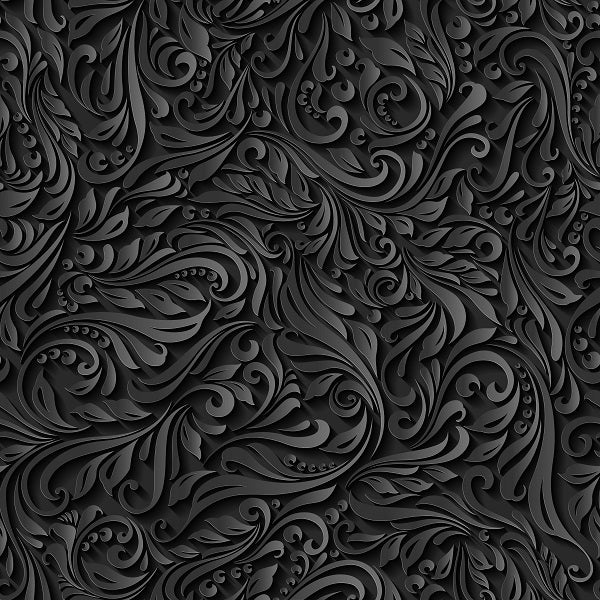 Black Embossed -  Knit 220 Fabric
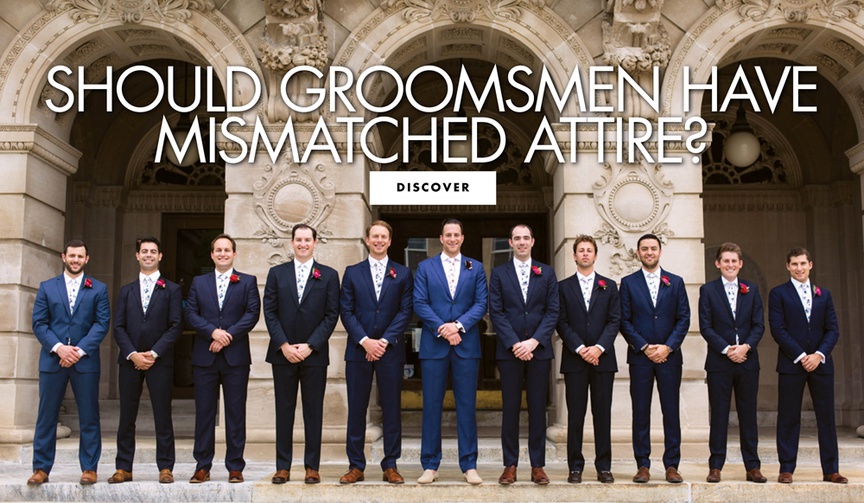 How to Make Mismatched Groomsmen Look Cohesive
Article: How to Make Mismatched Groomsmen Look Cohesive
Photography: Kent Drake Photography
Read More:
http://www.insideweddings.com/news/fashion/how-to-make-mismatched-groomsmen-look-cohesive/4951/ should groomsmen have mismatched attire find out if this trend is right for you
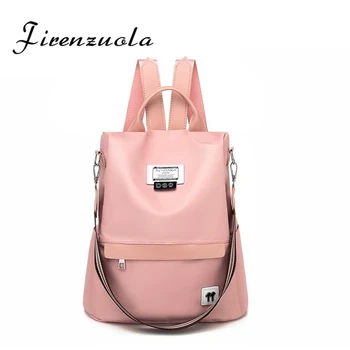 

Anti Theft School Bag Waterproof Women Backpack Nylon Korean New Casual Travel Beg #794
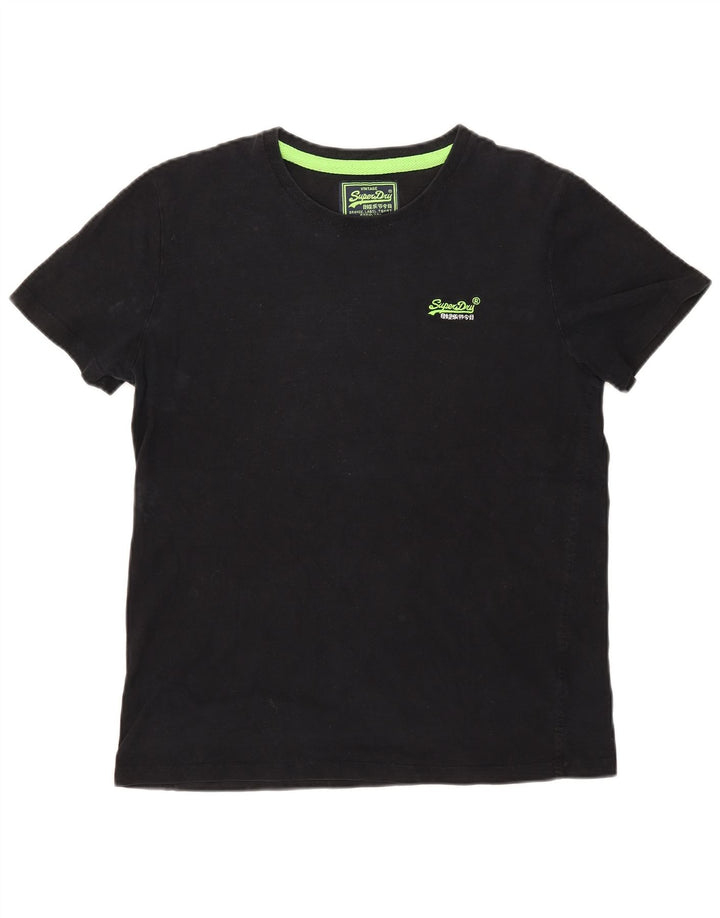 Superdry T-shirt top til mænd, stor sort bomuld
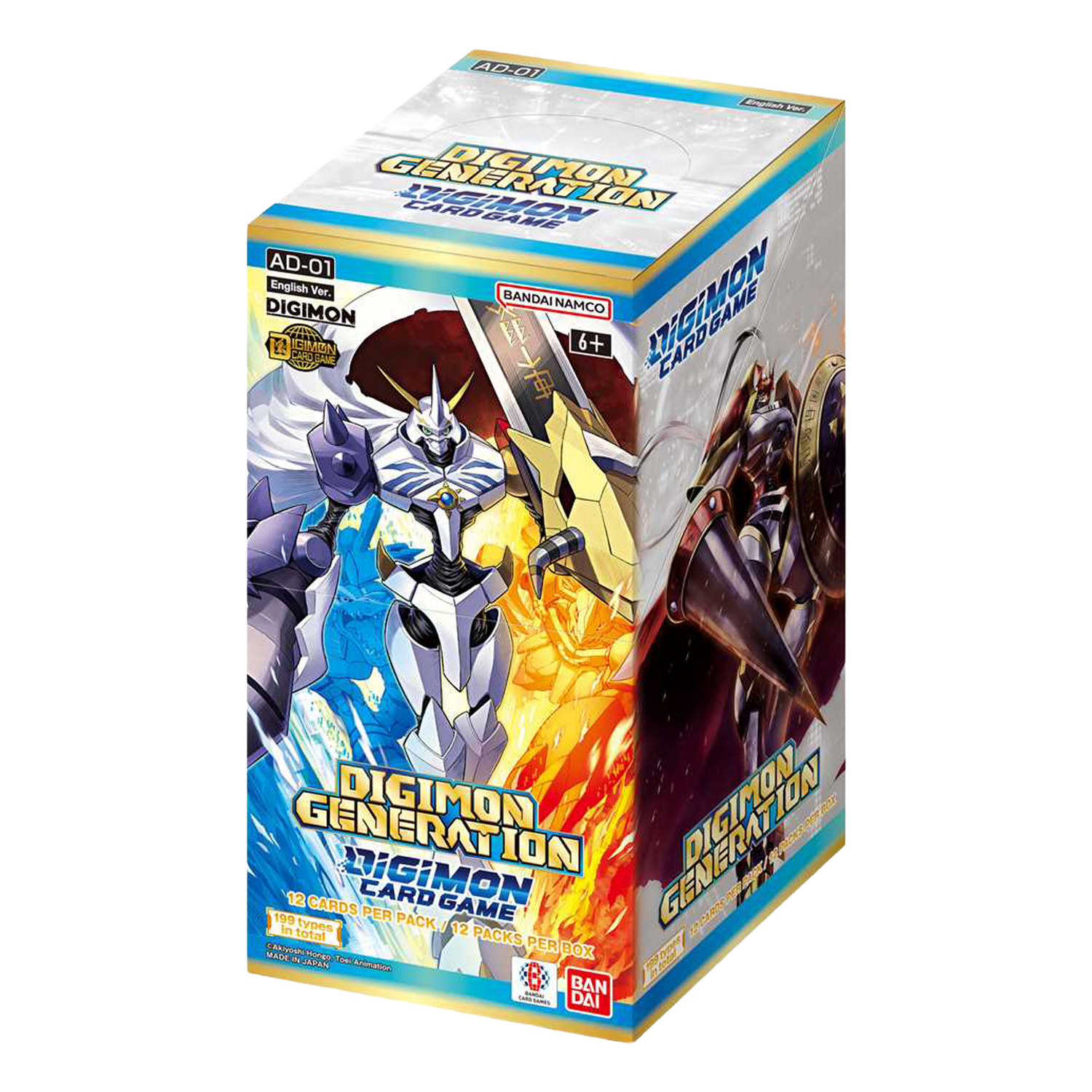 Digimon Generation AD-01 Display 12 Buste (EN)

------------------------------------------------

§ Problem
The records above, minus their pictures, are to be returned word for word.

§ Task response
 Black Embossed -  Knit 220 Fabric
 How to Make Mismatched Groomsmen Look Cohesive
Article: How to Make Mismatched Groomsmen Look Cohesive
Photography: Kent Drake Photography
Read More:
http://www.insideweddings.com/news/fashion/how-to-make-mismatched-groomsmen-look-cohesive/4951/ should groomsmen have mismatched attire find out if this trend is right for you

Anti Theft School Bag Waterproof Women Backpack Nylon Korean New Casual Travel Beg #794
 Superdry T-shirt top til mænd, stor sort bomuld
 Digimon Generation AD-01 Display 12 Buste (EN)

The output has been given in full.